Gara-gara Kentut, Sepasang Suami-Istri di Padang Dibacok Tetangga

Loading...
Loading...

Hati-hati dengan kentut. Gara-gara kentut sembarangan, sepasang suami istri di Padang, Sumatera Barat (Sumbar) dibacok oleh tetangganya sendiri.
Polisi di Padang, Sumbar menangkap seorang pelaku pembacokan kepada Feri Giawa (46) dan Nova Risna Dewi (41). Keduanya dibacok oleh Anton Setiawan (37).
Pasangan suami istri ini harus dilarikan dan dirawat di rumah sakit akibat menderita luka dibacok oleh Anton Setiawan yang tak lain merupakan tetangganya sendiri.

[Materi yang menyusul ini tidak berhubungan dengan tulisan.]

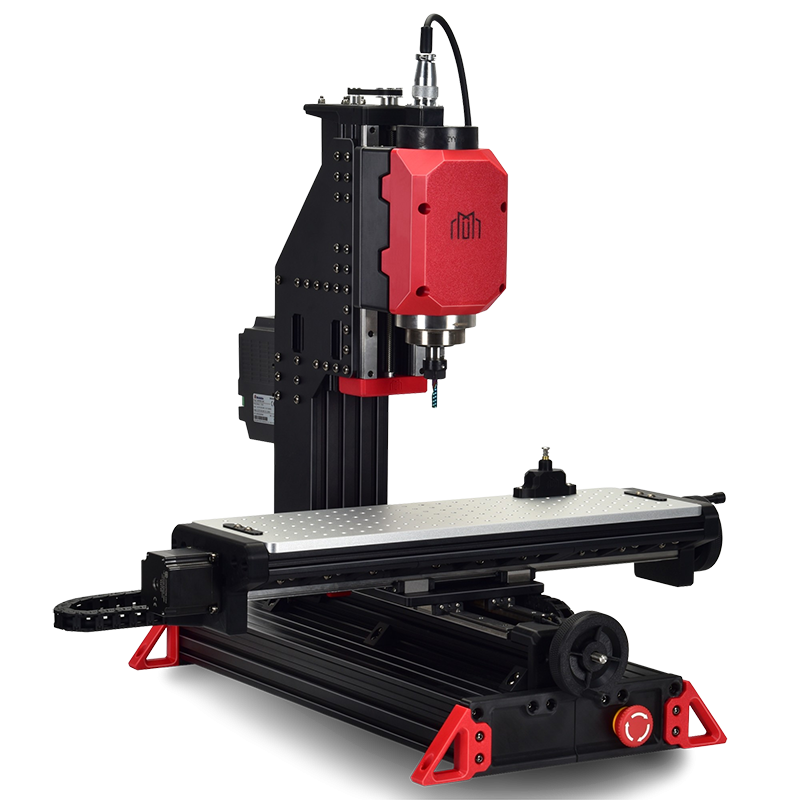 Millennium Machines Milo V1.5 by LDO Motors Millennium Machines Milo V1.5 by LDO Motors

Kejadian tersebut terjadi di rumah korban di kawasan Bandes Batu Kasek, Kelurahan Pengambiran Ampalu Nan XX, Kecamatan Lubuk Begalung, Kota Padang, Selasa (21/2/2020).
Gara-Gara Dikentuti
Kepada polisi, Anton Setiawan mengatakan kesal karena dikentuti oleh korban Feri Giawa (46). Andi menjelaskan dia dikentuti oleh korban sebanyak dua kali dan terakhir dilakukan pada minggu kemarin.
Dirinya juga menegaskan tidak ada masalah lain terhadap korban. Hanya kesal dikentuti oleh korban sebanyak dua kali dalam waktu yang berbeda. Padahal menurutnya, dia dan korban tidak terlalu dekat dan jarang berkomunikasi.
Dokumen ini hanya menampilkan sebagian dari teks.